BEGIN

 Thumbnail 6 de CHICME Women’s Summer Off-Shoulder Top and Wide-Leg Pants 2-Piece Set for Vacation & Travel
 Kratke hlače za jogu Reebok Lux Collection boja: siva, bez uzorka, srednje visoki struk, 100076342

END
BEGIN

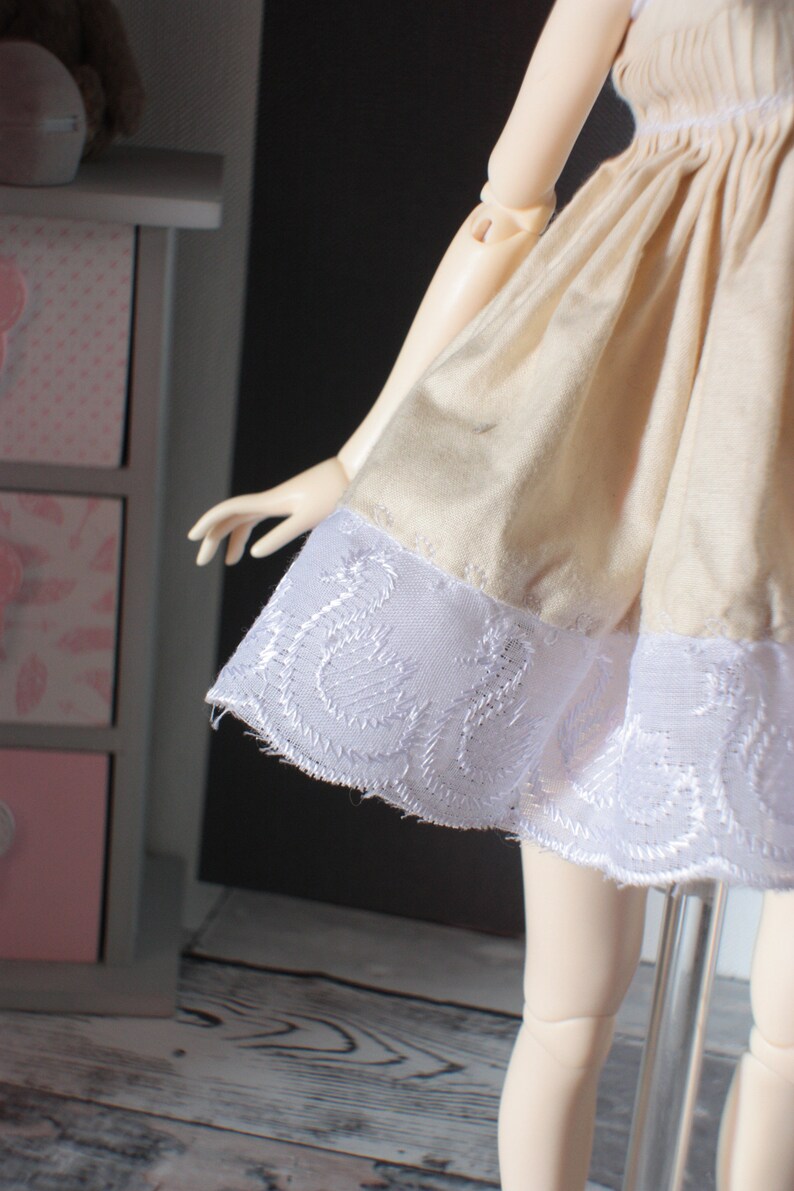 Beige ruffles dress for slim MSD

END

ACTION ITEM: Wherever the line holding "Thumbnail 6 de" falls in the entries above, copy exactly from it through the line holding "Kratke hlače za", inclusive, and add nothing.

ANSWER BOX:
 Thumbnail 6 de CHICME Women’s Summer Off-Shoulder Top and Wide-Leg Pants 2-Piece Set for Vacation & Travel
 Kratke hlače za jogu Reebok Lux Collection boja: siva, bez uzorka, srednje visoki struk, 100076342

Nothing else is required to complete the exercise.